In the sculpture of Mayumi Sarai, we find an artist contemplating her relationship with the natural world. Repeated biomorphic forms cluster and bundle together like animated models of cellular growth patterns. They are infused with personality, arguing that the parts and the whole are inseparable. Nature for Sarai is not a romantic construct or an idealized utopia. Rather, Sarai defines nature through the small everyday epiphanies of recognition and belonging that come to us all from time to time. In Sarai's worldview, human thought and action are not outside the natural world, but are reflections of it.

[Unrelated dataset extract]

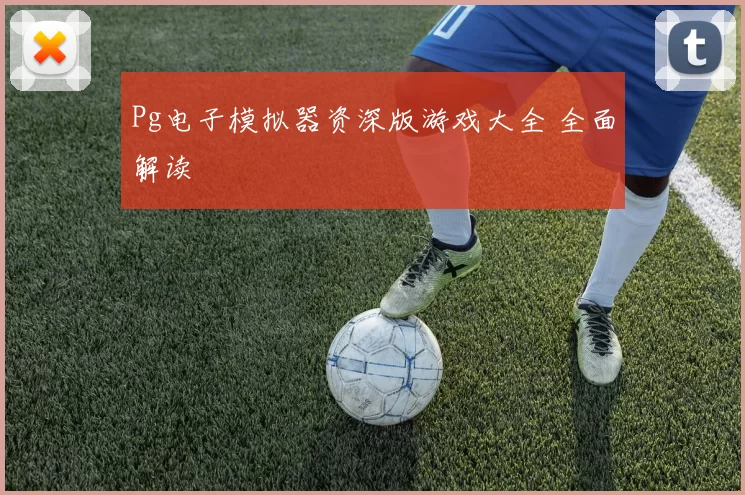 Pg电子模拟器资深版游戏大全 全面解读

Sarai's wood sculptures are painstakingly carved and shaped; each chisel mark and gouge leaving meditative markings as evidence of the joy she finds in the creative process. Sarai's forms suggest utilitarian human activities such as braiding hair, weaving baskets, and harvesting crops. They also speak of a need to visualize the spiritual realm. African fetish and fertility sculpture have influenced Sarai, as has Buddhist art from China and Japan. Brancusi's modernist transfigurations of tribal forms are also present in Sarai's work.
The power of Sarai's sculpture, however, is not found in these associations. The power of these works derives from our ability to recognize aspects of the world through them. Mayumi Sarai gives us a conduit through which our understanding can flow and what is revealed is simultaneously extraordinary and strangely familiar.
Mayumi Sarai was born in Aichi, Japan, and moved to New York City in 1991. She studied at Nihon University College of Art in Tokyo and at the New York Studio School. Her work has appeared in numerous solo and group exhibitions including the Hunterdon Museum of Art, the Dallas Museum of Art, Noyes Museum of Art, Morris Museum of Art, New Jersey State Museum, Cidnee Patrick Gallery, Dallas, TX, College of the Ozarks, Point Lookout, MO, Cooper Gallery, Jersey City, NJ, and the Washington Art Association, Washington Depot, CT. She lives and works in Jersey City, NJ.